## Global Data Analysis: Advanced Layouts and Graphs

Code repo: https://github.com/mannyjrod/Dash_Apps_Sandlot

Author: Emmanuel Rodriguez

[emmanueljrodriguez.com/](https://emmanueljrodriguez.com/)

19DEC2023, Renton, Seattle, WA

Ref: Schroeder, "The Book of Dash" Ch. 5, p.71

### Run the World Bank Data Analysis Dash App

Run the World Bank Data Analysis dashboard application from: https://github.com/DashBookProject/Plotly-Dash/tree/master/Chapter-5
> the .py script should be downloaded to the project folder

> Note: You can run a .py script inside a Jupyter cell by using the magic command `%run name-of-script.py`

In [None]:
%run ./Chapter-5/worldbank.py

Dash is running on http://127.0.0.1:8050/

 * Serving Flask app "worldbank" (lazy loading)
 * Environment: production
   Use a production WSGI server instead.
 * Debug mode: on


# Reproduce the Code:

## Project Requirements

Build a Dash app that compares and analyzes world data on three metrics: internet usage, proportion of females in parliament, and carbon dioxide (CO2) emissions.

### Import Libraries

Two Python libraries are being introduced:

- `dash_bootstrap_components` - An add-on to the built-in Dash layout capabilities, which has more components such as graphs and radio buttons, and allows detailed styling of these elements.

- `pandas_datareader` - A pandas extension that retrieves data via *APIs* and creates DataFrames from that data.

In [1]:
from dash import Dash, dcc, html, Input, Output, callback, State
import plotly.express as px
import dash_bootstrap_components as dbc
from pandas_datareader import wb # This app will use data from the World Bank only, to access this data the World Bank
# module `wb` is imported from the datareader extension.

import pandas as pd

### Read Data

#### Connecting to an API

- An API facilitates the app to read data dynamically; by connecting to the API via pandas datareader, data can be updated on the fly.

In [2]:
# Download the necessary country data into the app; country name and ISO id for mapping on choropleth

# Print the first 10 rows
countries = wb.get_countries() # the get_countries() function will query information about specified countries
print(countries.head(10)[['name']])
#exit() ## **NOTE** this function will kill the kernel

                          name
0                        Aruba
1  Africa Eastern and Southern
2                  Afghanistan
3                       Africa
4   Africa Western and Central
5                       Angola
6                      Albania
7                      Andorra
8                   Arab World
9         United Arab Emirates


In [3]:
# Manipulate the data so that only countries are contained in the dataset
countries["capitalCity"].replace({"": None}, inplace=True) # Exclude rows that don't have a capital city, leaving only country names
countries.dropna(subset=["capitalCity"], inplace=True)
countries = countries[["name", "iso3c"]] # ISO3 is a code designator used by Plotly to plot points on a map;
# Any other information that get_countries() returns is not needed, so the DataFrame is limited to the two necessary columns.
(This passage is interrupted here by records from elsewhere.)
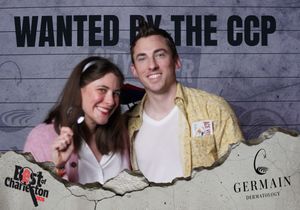Couple smiles at Best of Charleston photo booth with Wanted by the CCP backdrop and Germain Dermatology logo.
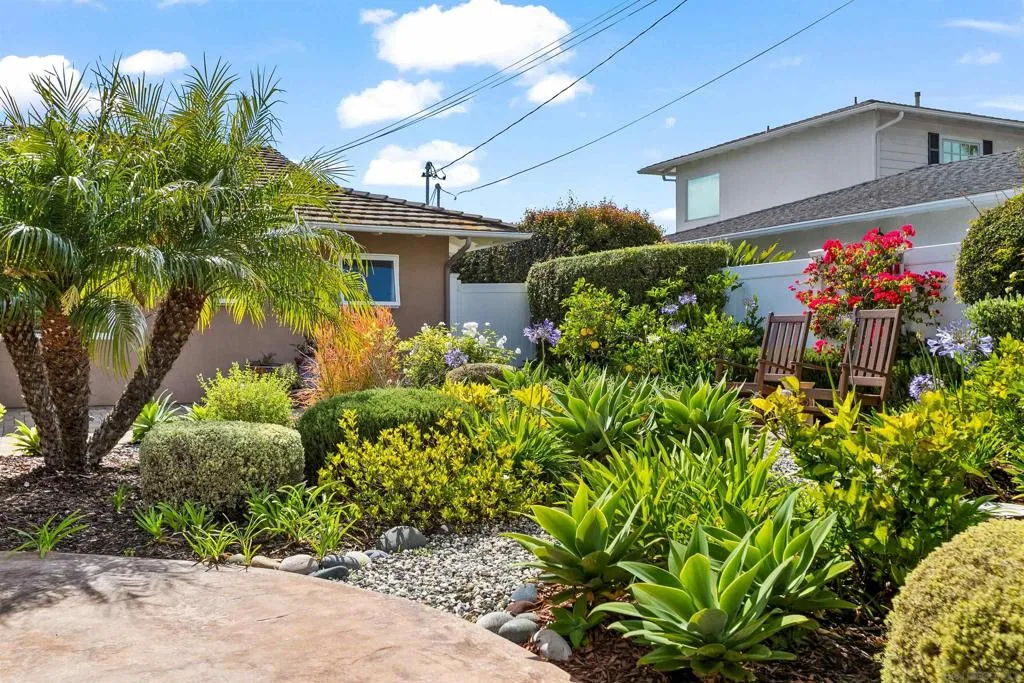 The front yard has a sitting area surrounded by citrus trees, and native and low water plants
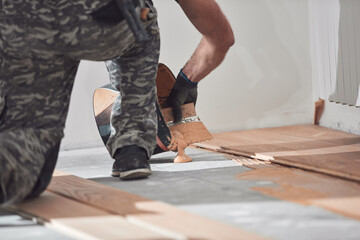 Professional handyman installing laminate flooring in a new apartment.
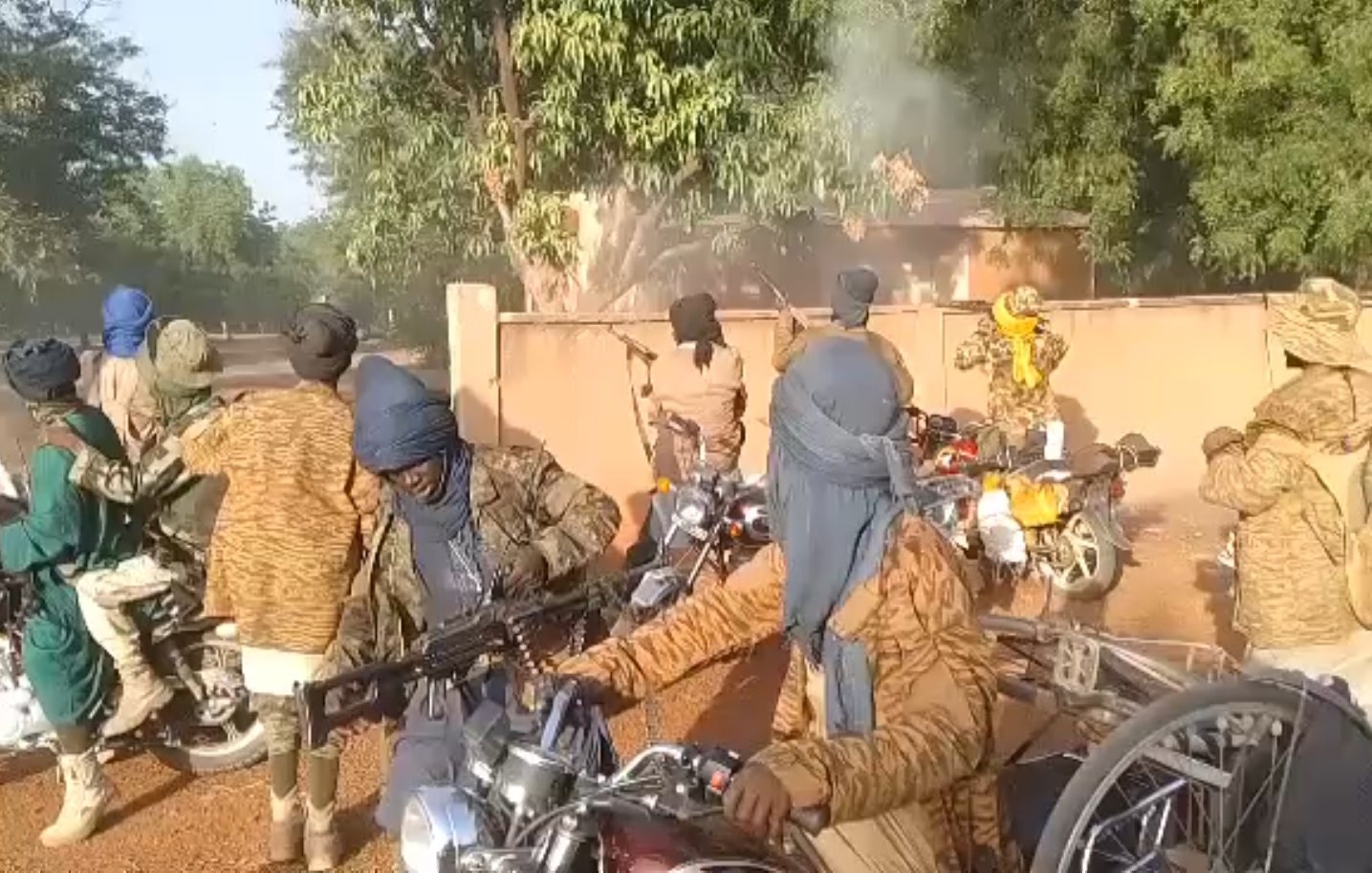 L'image montre un groupe de personnes sur des motos, portant des vêtements qui masquent leur visage et leur tête, probablement pour des raisons de camouflage ou de protection. Ils semblent être dans un environnement extérieur, avec des arbres et un bâtiment en arrière-plan. Il y a de la fumée qui s'échappe, indiquant peut-être une situation de tension ou d'activité intense. Certains individus tiennent des armes, ajoutant une atmosphère de gravité à la scène. Les motos sont variées et leur position suggère qu'ils sont en mouvement ou prêts à partir.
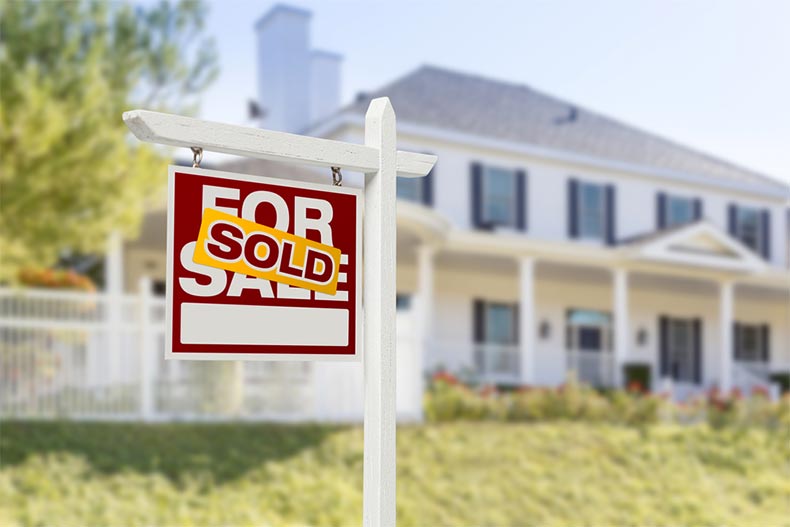 A SOLD sticker over a "For Sale" sign in front of a house.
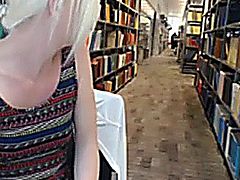 Girl toys her pussy in a public library (creamy)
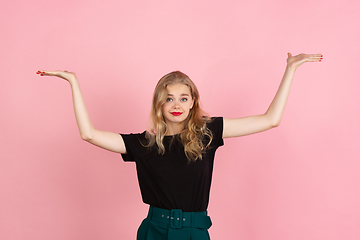 Image showing Young emotional woman on pink studio background. Human emotions, facial expression concept.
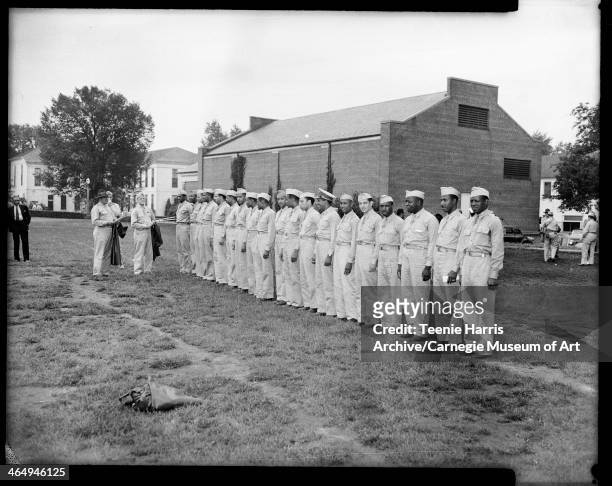 Group portrait of US Army doctors, standing in line at Field Service school at Carlisle Barracks, Carlisle, Pennsylvania, 1942. From left: James D...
countries = countries[countries["name"] != "Kosovo"] # Exclude the Kosovo row (this is a corrupt row)
countries = countries.rename(columns={"name": "country"})

In [4]:
# Display the first 10 rows of the new DataFrame
countries.head(10)

Unnamed: 0,country,iso3c
0,Aruba,ABW
2,Afghanistan,AFG
5,Angola,AGO
6,Albania,ALB
7,Andorra,AND
9,United Arab Emirates,ARE
10,Argentina,ARG
11,Armenia,ARM
12,American Samoa,ASM
13,Antigua and Barbuda,ATG


### Identify Indicators

Extract the World Bank data tied to the three indicators: internet usage, females in parliament, and CO2 emissions.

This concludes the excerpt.